■ WORK ORDER: Your output should be everything below from the line containing "Queso de oveja Alipende cuña 275gr" down to the line containing "Katja - The Targa - Giclée", both ends included, copied exactly, with pictures left out.

■ INPUT DATA:
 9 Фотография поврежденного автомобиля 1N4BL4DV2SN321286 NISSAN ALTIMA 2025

* * *

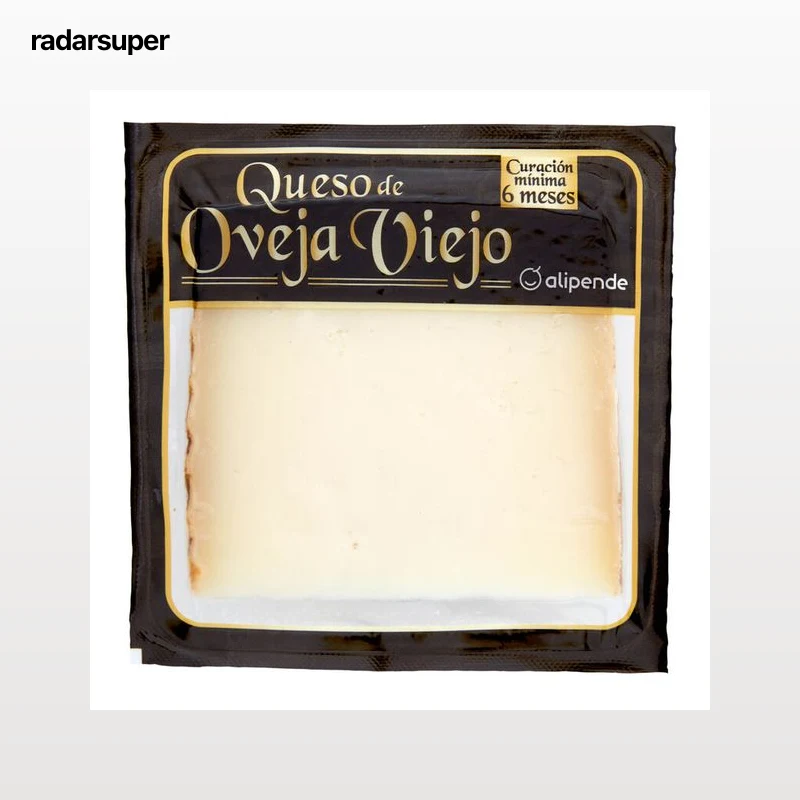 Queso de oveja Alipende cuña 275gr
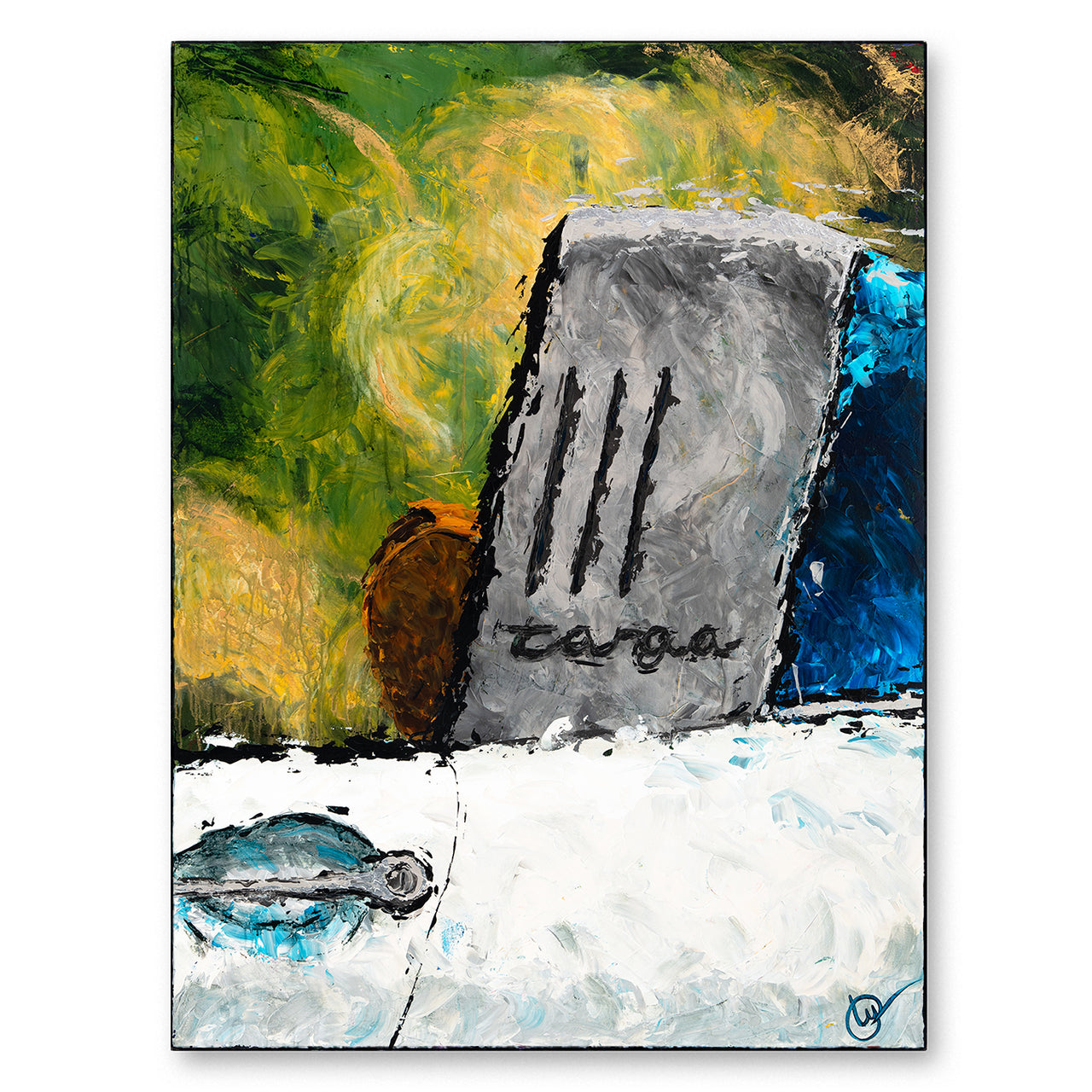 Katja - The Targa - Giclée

■ RESULT:
 Queso de oveja Alipende cuña 275gr
 Katja - The Targa - Giclée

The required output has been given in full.